A entrada em aplicação do Regulamento Geral de Proteção de Dados cria um vazio legal relativamente às seguradoras. É uma consequência de o Parlamento ainda não ter aprovado a lei nacional que acompanhará o regulamento.

Os dados de saúde para os seguros, por serem dados pessoais sensíveis, exigem que exista uma legislação específica que regulamente a forma como podem ser tratados. Trata-se de uma exigência do novo Regulamento Geral de Proteção de Dados (RGPD) que passará a ser aplicado automaticamente a partir do próximo dia 25 de maio, mas que em Portugal não está ainda cumprida.

Na prática haverá um vazio legal que a comissão nacional de Proteção de Dados está ainda a ver como poderá ser resolvido. Ou não.

O alerta foi dado esta quarta-feira, 16 de maio, no Parlamento pela presidente da CNPD. À margem de uma audição na Comissão de Assuntos Constitucionais, Filipa Calvão (na foto) explicou que “o regulamento só admite que os Estados Membros legislem e legitimem tratamento de dados de saúde no contexto das relações laborais, da proteção social e da ação social”. Fora desse contexto, só poderão ser tratados nas situações em que os Estados legislem sobre a matéria.

Por outras palavras, “como esses dados são sensíveis, e se a legislação nacional não disser expressamente o âmbito em que podem ser tratados – nomeadamente em matéria de autenticação e acesso –, não temos base legal”, concretizou a responsável. “E o mesmo sucede no contexto dos seguros de vida”, concretizou, explicando que o simples pedido do consentimento por parte dos cidadãos não é uma solução viável, uma vez que o consentimento “pode ser dado num dia e retirado no dia seguinte”.

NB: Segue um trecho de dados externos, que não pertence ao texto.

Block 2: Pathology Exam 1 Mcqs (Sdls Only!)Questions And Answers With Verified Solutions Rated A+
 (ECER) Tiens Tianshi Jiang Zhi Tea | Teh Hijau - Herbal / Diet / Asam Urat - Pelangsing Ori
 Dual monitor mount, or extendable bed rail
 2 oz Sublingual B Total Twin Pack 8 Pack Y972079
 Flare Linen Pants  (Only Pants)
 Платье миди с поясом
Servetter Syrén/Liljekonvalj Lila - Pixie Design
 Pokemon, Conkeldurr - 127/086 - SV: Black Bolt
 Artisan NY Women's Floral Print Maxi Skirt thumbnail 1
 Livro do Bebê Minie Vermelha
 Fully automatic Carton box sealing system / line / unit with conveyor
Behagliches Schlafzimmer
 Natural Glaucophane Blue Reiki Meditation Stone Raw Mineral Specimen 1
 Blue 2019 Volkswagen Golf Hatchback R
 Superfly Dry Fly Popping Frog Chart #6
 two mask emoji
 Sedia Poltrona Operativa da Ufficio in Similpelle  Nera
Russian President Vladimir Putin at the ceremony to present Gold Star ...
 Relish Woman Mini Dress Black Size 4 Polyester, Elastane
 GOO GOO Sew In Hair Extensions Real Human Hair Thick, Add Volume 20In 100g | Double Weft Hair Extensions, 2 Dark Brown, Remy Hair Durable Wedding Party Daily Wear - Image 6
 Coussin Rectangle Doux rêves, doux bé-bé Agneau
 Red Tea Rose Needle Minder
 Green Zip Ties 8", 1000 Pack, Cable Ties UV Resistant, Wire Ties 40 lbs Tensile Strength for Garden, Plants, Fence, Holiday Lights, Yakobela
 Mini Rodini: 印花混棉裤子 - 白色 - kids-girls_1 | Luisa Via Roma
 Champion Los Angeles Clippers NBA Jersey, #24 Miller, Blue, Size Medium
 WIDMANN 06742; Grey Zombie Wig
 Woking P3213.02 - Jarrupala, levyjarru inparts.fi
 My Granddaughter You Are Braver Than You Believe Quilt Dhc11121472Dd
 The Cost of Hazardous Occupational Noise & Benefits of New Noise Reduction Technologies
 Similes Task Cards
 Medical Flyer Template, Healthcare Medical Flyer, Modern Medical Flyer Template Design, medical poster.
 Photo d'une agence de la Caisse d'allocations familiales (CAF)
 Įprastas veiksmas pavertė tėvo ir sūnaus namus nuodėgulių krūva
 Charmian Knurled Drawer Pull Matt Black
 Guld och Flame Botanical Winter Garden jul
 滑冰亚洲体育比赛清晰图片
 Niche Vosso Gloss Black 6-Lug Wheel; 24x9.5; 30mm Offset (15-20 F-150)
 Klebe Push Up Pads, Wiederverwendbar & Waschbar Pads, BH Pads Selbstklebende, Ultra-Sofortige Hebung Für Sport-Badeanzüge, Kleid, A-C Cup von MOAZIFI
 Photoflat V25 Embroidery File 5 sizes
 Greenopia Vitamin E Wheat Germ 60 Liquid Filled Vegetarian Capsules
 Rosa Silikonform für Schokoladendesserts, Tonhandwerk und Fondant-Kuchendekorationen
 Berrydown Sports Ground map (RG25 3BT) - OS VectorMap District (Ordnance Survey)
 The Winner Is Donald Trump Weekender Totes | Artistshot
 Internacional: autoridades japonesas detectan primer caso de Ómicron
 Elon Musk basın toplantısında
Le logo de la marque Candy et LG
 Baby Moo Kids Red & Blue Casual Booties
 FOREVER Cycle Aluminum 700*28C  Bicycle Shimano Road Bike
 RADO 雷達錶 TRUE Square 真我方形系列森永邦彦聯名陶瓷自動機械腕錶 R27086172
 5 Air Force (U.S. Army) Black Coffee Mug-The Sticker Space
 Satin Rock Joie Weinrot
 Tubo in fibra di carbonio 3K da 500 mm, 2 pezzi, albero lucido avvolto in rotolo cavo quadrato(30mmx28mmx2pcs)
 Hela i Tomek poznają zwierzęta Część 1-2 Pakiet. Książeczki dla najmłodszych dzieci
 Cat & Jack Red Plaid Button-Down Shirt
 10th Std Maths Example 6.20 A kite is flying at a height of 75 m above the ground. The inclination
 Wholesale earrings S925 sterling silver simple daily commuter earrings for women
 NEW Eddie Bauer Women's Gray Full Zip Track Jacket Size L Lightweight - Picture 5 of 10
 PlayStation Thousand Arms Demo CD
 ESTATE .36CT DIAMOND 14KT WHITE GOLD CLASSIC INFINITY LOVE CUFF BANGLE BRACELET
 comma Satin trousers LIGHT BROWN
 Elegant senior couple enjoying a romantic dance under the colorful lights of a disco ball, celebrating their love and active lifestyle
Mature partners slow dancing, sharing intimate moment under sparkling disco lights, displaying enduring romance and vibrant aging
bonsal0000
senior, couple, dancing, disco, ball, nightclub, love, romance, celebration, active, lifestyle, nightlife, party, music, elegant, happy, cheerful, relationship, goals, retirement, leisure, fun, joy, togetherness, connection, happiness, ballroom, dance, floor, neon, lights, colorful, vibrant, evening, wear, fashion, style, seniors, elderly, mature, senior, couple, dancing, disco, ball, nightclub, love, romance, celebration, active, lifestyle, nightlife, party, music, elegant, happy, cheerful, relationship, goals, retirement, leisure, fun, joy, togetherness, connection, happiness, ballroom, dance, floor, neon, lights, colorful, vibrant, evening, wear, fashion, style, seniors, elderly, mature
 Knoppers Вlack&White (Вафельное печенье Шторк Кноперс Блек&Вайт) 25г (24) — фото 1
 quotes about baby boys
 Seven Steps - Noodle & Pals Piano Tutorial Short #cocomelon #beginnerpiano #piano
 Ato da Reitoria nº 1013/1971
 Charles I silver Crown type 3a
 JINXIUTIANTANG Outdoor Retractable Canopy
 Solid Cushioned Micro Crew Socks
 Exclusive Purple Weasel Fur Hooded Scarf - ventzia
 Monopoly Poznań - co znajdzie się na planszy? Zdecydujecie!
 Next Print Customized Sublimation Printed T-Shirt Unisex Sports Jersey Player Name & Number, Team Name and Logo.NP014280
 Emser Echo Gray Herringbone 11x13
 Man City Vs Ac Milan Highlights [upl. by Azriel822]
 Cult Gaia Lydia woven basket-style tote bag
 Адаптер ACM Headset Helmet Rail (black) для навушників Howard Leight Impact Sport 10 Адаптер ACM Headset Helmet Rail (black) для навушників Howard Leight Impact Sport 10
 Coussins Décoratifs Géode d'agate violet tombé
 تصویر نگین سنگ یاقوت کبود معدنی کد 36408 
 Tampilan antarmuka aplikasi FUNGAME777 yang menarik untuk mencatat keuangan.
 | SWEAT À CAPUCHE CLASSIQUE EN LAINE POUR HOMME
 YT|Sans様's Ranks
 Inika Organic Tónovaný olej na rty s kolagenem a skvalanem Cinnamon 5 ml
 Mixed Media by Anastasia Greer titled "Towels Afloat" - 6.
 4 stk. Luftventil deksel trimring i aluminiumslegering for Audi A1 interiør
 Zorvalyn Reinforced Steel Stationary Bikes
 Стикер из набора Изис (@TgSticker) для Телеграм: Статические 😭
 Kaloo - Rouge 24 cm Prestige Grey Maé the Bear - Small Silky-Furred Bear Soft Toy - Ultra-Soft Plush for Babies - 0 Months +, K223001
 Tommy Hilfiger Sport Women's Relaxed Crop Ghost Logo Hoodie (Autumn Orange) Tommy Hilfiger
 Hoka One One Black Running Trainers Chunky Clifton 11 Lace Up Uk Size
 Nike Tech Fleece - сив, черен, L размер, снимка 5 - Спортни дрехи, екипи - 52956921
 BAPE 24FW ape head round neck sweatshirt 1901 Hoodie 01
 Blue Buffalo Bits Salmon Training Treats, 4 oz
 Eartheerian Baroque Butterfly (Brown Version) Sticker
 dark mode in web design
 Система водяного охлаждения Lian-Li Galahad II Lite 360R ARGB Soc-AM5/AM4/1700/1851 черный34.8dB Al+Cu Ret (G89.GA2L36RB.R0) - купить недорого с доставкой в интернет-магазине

O RGPD tem um conjunto de situações em que os Estados Membros têm de legislar eles próprios e o governo apresentou uma proposta de Lei à Assembleia da República, precisamente nesse sentido. No entanto, a proposta foi muito criticada pelos vários partidos acabando por descer à especialidade sem uma primeira votação na generalidade.

A proposta do Governo mereceu também fortes críticas por parte da própria CNPD, no parecer sobre ela que lhe foi pedido. Esta questão das seguradoras, por exemplo, nem sequer é tratada na proposta de lei do Governo, um esquecimento que, não sendo corrigido, pode ser problemático, admite a responsável.

E, mesmo que venha a ser, é já certo que a legislação nacional não ficará pronta a 25 de maio. Nessa altura, manter-se-á em vigor a atual Lei de Proteção de Dados, mas apenas naquilo em que não colida com o Regulamento.

Como resolver? “Com criatividade”

Mas como resolver estes casos de vazio legal, que Filipa Calvão admite serem vários, embora não queira nomeá-los para “não alarmar” a população? ”

“Enquanto não surgir essa lei, uma lei nacional a regular isto especificamente, temos este problema de tratamentos de dados que aparentemente não terão suporte, não poderão ser realizados, em conformidade com o RGPD”, admite a presidente da CNPD. “É isso que estamos a ver se o Parlamento percebe: que é urgente legislar.”

E, entretanto, poderá haver lugar à aplicação de multas? Filipa Calvão não afasta essa possibilidade, mas diz que tem outras preocupações. “O problema é saber como é que se encontra uma solução razoável que permita que os contratos de seguro se mantenham e as pessoas não fiquem desprotegidas”.

Porque, acrescente, “as pessoas precisam desses contratos de seguro, apesar desta falta de enquadramento legislativo. É preciso criar normas que acautelem este problema e que saiam o mais rápido possível. Até lá, estamos a tentar ser criativos, mas não sabemos bem como e que vamos resolver o problema”, admite.